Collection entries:
-*-*-
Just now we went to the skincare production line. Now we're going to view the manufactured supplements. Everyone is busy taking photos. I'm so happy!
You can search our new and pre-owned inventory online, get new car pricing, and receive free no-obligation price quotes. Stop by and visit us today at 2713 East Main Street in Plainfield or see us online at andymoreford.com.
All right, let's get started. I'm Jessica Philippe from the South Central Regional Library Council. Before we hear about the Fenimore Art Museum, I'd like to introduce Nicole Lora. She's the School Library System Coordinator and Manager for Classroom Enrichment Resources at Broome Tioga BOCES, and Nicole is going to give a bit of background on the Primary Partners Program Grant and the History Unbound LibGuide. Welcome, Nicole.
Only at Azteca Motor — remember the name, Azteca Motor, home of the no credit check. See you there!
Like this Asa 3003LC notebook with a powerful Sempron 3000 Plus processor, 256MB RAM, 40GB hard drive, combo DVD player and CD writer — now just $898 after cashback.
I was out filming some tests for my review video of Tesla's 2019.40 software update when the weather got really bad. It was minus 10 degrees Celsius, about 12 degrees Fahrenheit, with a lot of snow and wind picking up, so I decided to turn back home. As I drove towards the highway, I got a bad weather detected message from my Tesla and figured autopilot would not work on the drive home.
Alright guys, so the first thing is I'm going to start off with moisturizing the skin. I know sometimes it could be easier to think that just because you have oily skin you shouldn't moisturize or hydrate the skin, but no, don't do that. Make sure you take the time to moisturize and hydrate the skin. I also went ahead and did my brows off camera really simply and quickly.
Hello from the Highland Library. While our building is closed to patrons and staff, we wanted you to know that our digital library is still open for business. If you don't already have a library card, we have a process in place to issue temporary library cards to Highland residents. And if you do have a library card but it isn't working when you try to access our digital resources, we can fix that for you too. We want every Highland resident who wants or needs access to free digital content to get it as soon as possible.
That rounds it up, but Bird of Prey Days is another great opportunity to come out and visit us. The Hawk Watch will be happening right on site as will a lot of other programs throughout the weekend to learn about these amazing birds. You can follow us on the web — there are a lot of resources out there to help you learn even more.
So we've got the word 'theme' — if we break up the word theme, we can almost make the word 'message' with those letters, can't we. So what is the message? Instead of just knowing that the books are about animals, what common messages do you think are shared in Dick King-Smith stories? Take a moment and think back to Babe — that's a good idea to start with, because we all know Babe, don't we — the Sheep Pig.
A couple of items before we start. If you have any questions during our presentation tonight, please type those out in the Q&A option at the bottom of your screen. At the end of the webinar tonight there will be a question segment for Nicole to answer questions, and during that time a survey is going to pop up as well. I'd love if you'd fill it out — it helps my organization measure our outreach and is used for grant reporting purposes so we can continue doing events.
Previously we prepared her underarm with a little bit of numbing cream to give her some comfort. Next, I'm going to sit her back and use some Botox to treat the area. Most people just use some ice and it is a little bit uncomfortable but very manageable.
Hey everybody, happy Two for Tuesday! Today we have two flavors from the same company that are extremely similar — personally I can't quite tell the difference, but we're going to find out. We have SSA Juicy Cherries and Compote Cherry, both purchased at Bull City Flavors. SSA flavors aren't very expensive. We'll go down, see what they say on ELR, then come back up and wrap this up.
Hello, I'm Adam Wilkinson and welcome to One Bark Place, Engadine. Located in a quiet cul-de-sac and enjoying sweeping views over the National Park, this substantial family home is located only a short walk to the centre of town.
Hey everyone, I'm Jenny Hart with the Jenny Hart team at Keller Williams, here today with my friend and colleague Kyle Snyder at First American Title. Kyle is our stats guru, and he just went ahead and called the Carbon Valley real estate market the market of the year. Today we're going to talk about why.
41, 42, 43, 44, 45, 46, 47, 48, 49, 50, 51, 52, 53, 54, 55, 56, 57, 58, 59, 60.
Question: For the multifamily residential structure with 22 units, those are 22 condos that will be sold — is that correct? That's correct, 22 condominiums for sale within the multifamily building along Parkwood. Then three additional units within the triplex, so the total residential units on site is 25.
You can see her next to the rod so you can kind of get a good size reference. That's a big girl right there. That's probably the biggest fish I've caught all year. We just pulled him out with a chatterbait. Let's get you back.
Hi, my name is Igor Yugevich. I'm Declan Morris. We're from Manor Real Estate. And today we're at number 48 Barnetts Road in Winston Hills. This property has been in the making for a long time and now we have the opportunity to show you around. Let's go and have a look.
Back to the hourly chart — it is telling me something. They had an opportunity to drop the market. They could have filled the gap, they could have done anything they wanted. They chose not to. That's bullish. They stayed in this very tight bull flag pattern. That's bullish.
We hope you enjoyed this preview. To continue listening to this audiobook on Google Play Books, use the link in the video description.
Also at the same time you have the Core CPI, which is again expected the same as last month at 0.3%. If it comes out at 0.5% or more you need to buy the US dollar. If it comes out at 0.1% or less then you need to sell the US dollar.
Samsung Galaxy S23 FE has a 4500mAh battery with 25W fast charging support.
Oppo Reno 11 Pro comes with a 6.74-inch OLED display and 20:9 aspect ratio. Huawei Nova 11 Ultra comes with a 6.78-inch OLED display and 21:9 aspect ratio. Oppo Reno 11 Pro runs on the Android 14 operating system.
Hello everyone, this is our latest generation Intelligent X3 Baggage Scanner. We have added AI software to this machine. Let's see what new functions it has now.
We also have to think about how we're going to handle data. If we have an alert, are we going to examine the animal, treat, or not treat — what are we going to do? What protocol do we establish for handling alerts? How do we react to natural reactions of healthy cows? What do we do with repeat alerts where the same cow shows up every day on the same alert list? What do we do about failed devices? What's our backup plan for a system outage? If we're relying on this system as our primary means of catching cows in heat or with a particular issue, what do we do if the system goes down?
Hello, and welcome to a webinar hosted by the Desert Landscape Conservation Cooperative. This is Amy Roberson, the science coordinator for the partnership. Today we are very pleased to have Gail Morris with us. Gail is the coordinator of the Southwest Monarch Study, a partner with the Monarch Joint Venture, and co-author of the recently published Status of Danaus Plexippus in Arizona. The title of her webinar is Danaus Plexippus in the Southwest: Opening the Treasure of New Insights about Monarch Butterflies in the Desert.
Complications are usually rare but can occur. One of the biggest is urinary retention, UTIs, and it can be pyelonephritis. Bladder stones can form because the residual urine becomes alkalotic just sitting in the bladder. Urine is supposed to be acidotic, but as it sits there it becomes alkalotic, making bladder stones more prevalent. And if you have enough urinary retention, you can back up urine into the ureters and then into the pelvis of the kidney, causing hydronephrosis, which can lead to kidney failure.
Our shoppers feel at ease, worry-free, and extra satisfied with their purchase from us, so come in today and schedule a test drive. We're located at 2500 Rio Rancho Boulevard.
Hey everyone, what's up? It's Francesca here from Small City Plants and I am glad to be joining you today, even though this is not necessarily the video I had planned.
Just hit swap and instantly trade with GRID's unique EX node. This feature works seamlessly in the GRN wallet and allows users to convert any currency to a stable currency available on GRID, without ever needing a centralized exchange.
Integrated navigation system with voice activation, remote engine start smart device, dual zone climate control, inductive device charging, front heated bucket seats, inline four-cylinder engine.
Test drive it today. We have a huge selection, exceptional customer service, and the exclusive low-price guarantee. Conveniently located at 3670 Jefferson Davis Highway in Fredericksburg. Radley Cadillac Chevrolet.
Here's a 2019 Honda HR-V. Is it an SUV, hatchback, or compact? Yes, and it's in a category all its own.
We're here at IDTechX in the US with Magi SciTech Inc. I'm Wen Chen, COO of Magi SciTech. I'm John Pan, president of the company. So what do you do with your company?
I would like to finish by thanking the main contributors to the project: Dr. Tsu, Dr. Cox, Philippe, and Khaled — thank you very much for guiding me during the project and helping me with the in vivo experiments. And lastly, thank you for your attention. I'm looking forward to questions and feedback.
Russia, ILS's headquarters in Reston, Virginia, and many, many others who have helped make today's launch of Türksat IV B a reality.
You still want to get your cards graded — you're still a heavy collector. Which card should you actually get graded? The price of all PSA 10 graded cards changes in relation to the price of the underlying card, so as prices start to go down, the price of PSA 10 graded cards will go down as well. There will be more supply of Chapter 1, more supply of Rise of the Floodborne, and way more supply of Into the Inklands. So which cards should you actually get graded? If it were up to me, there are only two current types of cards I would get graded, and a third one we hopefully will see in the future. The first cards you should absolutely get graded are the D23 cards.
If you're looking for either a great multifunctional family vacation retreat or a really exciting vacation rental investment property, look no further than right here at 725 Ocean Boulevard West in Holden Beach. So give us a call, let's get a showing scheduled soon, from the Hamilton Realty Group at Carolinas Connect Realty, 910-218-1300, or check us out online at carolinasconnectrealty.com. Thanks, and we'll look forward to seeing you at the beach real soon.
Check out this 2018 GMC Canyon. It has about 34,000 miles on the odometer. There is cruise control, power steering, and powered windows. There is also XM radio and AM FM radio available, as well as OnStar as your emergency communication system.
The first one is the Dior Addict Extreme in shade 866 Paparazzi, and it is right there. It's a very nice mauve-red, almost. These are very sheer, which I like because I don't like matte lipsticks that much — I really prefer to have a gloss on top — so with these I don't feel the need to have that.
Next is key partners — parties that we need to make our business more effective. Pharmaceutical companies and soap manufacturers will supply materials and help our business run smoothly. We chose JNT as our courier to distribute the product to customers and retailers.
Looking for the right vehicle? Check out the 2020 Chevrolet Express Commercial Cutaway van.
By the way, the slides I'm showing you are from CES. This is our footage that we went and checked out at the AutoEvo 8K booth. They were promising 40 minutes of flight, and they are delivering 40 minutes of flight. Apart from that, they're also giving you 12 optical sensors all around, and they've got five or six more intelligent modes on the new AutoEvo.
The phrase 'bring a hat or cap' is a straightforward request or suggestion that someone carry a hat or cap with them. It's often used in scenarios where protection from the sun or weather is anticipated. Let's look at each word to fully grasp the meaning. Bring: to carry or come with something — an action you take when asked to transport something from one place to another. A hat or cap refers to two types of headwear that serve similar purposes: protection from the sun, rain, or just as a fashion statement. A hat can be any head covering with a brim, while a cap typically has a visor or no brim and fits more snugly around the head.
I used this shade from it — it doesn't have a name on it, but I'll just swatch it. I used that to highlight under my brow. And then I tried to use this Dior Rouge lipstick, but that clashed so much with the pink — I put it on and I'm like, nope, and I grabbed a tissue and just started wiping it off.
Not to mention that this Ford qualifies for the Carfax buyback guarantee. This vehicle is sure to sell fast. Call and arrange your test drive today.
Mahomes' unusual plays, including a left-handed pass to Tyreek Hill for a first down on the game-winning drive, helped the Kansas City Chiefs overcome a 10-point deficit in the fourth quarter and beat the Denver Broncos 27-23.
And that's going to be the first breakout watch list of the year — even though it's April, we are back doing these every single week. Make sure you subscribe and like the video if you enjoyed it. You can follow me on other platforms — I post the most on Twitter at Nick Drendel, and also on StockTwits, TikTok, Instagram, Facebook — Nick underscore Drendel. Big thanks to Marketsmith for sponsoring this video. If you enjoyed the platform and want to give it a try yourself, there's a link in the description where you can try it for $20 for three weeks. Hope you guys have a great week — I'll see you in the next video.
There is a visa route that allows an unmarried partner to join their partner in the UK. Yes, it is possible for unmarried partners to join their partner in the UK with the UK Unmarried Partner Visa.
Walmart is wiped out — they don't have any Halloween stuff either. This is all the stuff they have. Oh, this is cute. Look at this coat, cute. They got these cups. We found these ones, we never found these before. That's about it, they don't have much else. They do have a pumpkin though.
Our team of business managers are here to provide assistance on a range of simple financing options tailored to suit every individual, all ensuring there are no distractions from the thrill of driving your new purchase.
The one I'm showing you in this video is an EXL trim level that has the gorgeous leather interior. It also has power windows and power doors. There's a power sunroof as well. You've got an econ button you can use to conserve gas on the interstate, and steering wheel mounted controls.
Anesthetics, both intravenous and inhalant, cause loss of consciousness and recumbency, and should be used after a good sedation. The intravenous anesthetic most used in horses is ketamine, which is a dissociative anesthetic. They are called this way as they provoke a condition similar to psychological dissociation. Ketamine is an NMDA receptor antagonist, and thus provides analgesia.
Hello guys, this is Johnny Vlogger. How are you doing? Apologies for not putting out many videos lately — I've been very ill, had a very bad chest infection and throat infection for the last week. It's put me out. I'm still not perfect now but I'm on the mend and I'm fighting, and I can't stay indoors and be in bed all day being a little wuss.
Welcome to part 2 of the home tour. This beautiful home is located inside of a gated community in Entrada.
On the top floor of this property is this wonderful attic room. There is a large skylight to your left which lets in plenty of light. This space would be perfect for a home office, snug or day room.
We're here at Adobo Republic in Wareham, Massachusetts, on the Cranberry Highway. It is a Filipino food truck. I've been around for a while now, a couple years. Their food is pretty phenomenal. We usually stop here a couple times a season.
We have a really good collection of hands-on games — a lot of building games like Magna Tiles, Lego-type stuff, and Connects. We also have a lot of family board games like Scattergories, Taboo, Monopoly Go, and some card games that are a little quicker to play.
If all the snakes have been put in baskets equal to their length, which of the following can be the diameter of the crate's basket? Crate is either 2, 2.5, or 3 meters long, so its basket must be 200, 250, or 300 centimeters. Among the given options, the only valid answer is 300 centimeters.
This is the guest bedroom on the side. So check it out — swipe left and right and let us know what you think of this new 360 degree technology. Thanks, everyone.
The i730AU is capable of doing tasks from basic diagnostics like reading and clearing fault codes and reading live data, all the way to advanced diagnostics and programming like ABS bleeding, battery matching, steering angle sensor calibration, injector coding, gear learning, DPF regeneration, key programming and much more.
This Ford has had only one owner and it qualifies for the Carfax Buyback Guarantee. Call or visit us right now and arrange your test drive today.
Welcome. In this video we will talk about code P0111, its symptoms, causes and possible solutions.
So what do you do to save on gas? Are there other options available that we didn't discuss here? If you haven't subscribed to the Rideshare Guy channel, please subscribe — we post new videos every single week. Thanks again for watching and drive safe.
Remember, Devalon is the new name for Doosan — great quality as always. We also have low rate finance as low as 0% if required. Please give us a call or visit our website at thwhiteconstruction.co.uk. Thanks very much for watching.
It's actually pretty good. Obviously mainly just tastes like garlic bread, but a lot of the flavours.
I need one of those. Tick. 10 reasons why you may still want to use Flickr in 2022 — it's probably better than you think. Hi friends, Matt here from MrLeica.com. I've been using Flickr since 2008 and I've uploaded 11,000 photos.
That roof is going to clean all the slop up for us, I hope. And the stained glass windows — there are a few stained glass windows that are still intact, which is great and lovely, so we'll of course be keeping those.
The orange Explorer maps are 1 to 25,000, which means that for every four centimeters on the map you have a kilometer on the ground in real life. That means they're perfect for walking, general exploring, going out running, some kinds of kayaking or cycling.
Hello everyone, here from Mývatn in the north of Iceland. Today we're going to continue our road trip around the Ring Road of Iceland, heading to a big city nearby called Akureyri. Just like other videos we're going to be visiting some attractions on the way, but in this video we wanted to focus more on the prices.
-*-*-
What is required:
The string "Road" marks the lines to copy; report each of them from the data above.

Worked solution:
Hi, my name is Igor Yugevich. I'm Declan Morris. We're from Manor Real Estate. And today we're at number 48 Barnetts Road in Winston Hills. This property has been in the making for a long time and now we have the opportunity to show you around. Let's go and have a look.
Hello everyone, here from Mývatn in the north of Iceland. Today we're going to continue our road trip around the Ring Road of Iceland, heading to a big city nearby called Akureyri. Just like other videos we're going to be visiting some attractions on the way, but in this video we wanted to focus more on the prices.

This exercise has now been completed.